Read the American Theatre magazine feature about Alabama Story.

Greta Lambert and Seth Andrew Bridges in "Alabama Story" at Pioneer Theatre Company. (Photo by Alex Weisman)

Greta Lambert and Seth Andrew Bridges in “Alabama Story” at Pioneer Theatre Company. (Photo by Alex Weisman)

Florida Studio Theatre artistic director Richard Hopkins, himself a Southerner, called Alabama Story “probably the best Southern play I’ve read in 10 or 20 years.” The play was a hit for FST in Sarasota in spring 2016. Listen to the WDET/NPR interview with the playwright.

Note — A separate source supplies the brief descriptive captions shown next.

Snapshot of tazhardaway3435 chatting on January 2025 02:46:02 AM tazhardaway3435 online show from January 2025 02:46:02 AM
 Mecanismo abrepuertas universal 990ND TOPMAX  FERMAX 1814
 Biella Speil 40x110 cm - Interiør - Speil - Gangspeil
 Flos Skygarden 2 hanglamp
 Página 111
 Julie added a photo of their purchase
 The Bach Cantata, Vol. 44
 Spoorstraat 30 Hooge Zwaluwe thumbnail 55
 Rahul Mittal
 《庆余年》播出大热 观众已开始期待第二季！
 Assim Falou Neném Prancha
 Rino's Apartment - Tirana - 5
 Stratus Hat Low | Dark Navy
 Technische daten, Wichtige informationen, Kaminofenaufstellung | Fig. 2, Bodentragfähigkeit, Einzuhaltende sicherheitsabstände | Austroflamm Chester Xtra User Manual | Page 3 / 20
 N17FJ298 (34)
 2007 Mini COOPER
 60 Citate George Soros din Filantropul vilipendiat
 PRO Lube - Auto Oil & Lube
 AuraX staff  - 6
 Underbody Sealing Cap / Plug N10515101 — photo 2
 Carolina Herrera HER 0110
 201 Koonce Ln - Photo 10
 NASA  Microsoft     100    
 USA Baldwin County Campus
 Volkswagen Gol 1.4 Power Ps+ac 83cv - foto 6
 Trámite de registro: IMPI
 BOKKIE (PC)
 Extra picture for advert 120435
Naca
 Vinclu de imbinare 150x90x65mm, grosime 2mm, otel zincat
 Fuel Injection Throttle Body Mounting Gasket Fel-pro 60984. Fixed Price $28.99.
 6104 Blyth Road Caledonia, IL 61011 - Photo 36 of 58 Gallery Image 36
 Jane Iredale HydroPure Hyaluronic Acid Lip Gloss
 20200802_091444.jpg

Librarian Emily Wheelock Reed died of heart disease May 19, 2000, at the Broadmead retirement community in Cockeysville, MD. After the events charted in the play, she became coordinator of adult services for the DC library system for six years, then moved to Baltimore, where she was coordinator of adult services at the Enoch Pratt Free Library until she retired in 1977. Read the Washington Post obituary.

Founded in 1986 by a professional company of theatre artists dedicated to producing, Washington Stage Guild is devoted to “neglected classics, unfamiliar works by familiar playwrights, and stimulating new plays from around the world is presented in a style that is the Guild’s own — direct and clear, with a strong commitment to adhering to the author’s intent.” Its 2017-18 season also includes Widowers’ Houses by George Bernard Shaw, A Child’s Christmas in Wales & Other Stories adapted by Bill Largess and See Rock City by Arlene Hutton. Bill Largess is WSG’s artistic director. Ann Norton is executive director.

Kenneth Jones’ new play Hollywood, Nebraska, was seen in a developmental workshop production Sept. 7-16, 2017, at Wyoming Theater Festival in Sheridan, WY. His play Two Henrys had development by three companies in 2016-17.